It's kinda like all those builders who were
unhappy about the performance of the crowbar
ov modules who never called the manufacturer, never
asked for assistance in fixing problems, never
asked for their money back, and are not coming
out of hiding even when I've offered to return their
money no matter what.
The well maintained RG battery is about as reliable
a power source as you can get. Figure Z-13 bypasses
the battery contactor (a highly stressed part with
system wiring subject to damage and failure) so while
we can sit around and wring our hands about the
possibilities, the PROBABILITY of these things
happening in hazardous combinations is extremely
low.
Does anyone really expect a battery that cranked an
engine less than three hours ago is suddenly going to
decide to chuck a cell? Even if it does become unhooked,
you probably won't know it unless you perceive some
increase in noises . . . but again, the #1 rule is
don't troubleshoot in flight. If things are working
but noisier, leave the switches alone until you're
on the ground, passengers unloaded and THEN get out
the toolbox.
If you have a battery disconnect, everything will
probably continue to run until you DO something to
tip the system over the edge.
If you have an RG battery and modern, externally
regulated alternator with active notification of
low voltage and ov protection, you already have
system reliability a factor of 10x or better than
the stuff flying around in most spam cans. If you're
willing to rent a spam can, pile the kids and
dog into it for a trip, then I'll suggest that
all the concerns recently raised about POSSIBLE
failures are only emotionally expensive and are
not helping you add value to your airplane.

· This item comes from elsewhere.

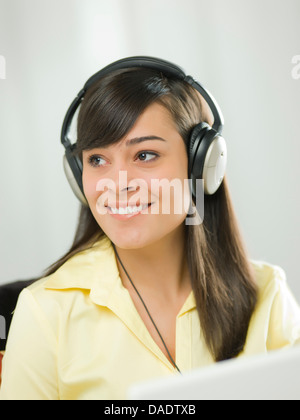 Young woman wearing headphones and smiling Banque D'Images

Keep this in mind too: YOUR AIRPLANE IS NOT
CARVED IN STONE. Unlike the utopian idea that
100.0% conformity makes for safer airplanes,
we all know that incorporation of new ideas
that reduce cost, improve performance and
reduce parts count are the things that really
contribute to safety. You're system is failure
tolerant such that new ideas can be comfortably
incorporated without spending $time$ to qualify
and certify the changes.
Decisions you make today about what goes into your
airplane can be changed tomorrow when it proves useful
to do so. If it were my airplane, Figure Z-13/8 with
a pair of p-mags is my own utopian idea of system
performance and reliability . . . TODAY. Can't tell
you about tomorrow. But for today, I know that what's
available stands very tall against the majority of
what's flying and it can only get better.
Let not your heart be troubled my friend. Concentrate
on getting your 40 hours flown off . . . if only with
the bare vfr/day spam can systems installed. There are some
nifty things coming over the hill but don't wait on them.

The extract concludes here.